__PyScopus__: An example for author disambiguity

Sometimes Scopus would mix up people with similar names. I recently come up with a not that difficult method to clean author publication profiles, which needs some manual work.

If you can think of a better way, please do let me know!

---

In [3]:
import pyscopus
pyscopus.__version__

'1.0.0a1'

In [6]:
from pyscopus import Scopus
key = 'YOUR_OWN_APIKEY'
scopus = Scopus(key)

In [9]:
import utils

---

When I was collecting data for my own research, I found that [Dr. Vivek K. Singh](http://web.media.mit.edu/~singhv/) has a very [noisy profile in Scopus](https://www.scopus.com/authid/detail.uri?authorId=7404651152). Let's use this as an example.

The basic idea is to match author-affiliation pair:
- For all the paper found in the _mixed profile_
    - Find the focal author (in this case, Dr. Singh)
    - Look at his/her affiliation
        - Keep this paper if the affiliation is indeed where he/she is
        - If not, discard the paper

For Dr. Singh, I manually obtained his affiliation ids by searching through [Scopus affiliation search](https://www.scopus.com/search/form.uri?display=affiliationLookup). Upon obtaining that, create a dictionary containing _name (first/last)_, _affiliation name_, and _a list of affiliation ids_. Author and affiliation names would be used to search for this author. The list of affiliation ids would be used for cleaning papers: 

- UC Irvine `60007278`
- MIT `60022195`
- Rutgers `60030623`

In [23]:
d = {'authfirst': 'Vivek', 'authlastname': 'Singh', 'affiliation': 'Rutgers',
     'affil_id_list': ['60030623', '60022195', '60007278']
    }
d

{'authfirst': 'Vivek',
 'authlastname': 'Singh',
 'affiliation': 'Rutgers',
 'affil_id_list': ['60030623', '60022195', '60007278']}

In [24]:
query = "AUTHLASTNAME({}) and AUTHFIRST({}) and AFFIL({})".format(d['authlastname'], d['authfirst'], d['affiliation'])
author_search_df = scopus.search_author(query)
author_search_df

Unnamed: 0,author_id,name,document_count,affiliation,affiliation_id
0,7404651152,Vivek Kumar N. Singh,490,Banaras Hindu University,60008721


Sometimes we would obtain a list of author profiles for each author. In this case, we only have one and it is clear that the author profile is highly noisy.

In the following step, I would use the helper functions in `utils` to screen each paper by this `author_id`

In [25]:
author_id = '7404651152'
author_id, d['affil_id_list']

('7404651152', ['60030623', '60022195', '60007278'])
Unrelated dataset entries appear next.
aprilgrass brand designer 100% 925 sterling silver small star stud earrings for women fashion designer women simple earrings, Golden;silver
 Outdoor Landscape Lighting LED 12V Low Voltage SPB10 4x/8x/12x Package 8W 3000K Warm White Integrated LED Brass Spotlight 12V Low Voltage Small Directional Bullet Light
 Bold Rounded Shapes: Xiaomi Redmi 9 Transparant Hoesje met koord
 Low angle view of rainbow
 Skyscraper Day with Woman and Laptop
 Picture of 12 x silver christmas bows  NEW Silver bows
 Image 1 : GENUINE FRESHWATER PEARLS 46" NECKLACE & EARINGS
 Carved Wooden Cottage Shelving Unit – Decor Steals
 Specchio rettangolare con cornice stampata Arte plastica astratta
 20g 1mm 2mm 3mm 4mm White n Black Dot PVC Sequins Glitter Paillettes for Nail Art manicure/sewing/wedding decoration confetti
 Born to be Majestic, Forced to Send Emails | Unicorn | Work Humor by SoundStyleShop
The filtering process may take a while, depending on how many documents are mixd up.

In [26]:
filterd_pub_df = utils.check_pub_validity(scopus, author_id, d['affil_id_list'], apikey)
filterd_pub_df.shape[0], filterd_pub_df.scopus_id.unique().size, filterd_pub_df.scopus_id.isnull().sum()

(134, 134, 0)

Obviously, the number of papers is highly reduced. We can now check a random subset to see if the filtered papers make sense for this author.

In [28]:
filterd_pub_df.iloc[utils.pd.np.random.randint(0, high=134, size=20)][['title', 'publication_name']]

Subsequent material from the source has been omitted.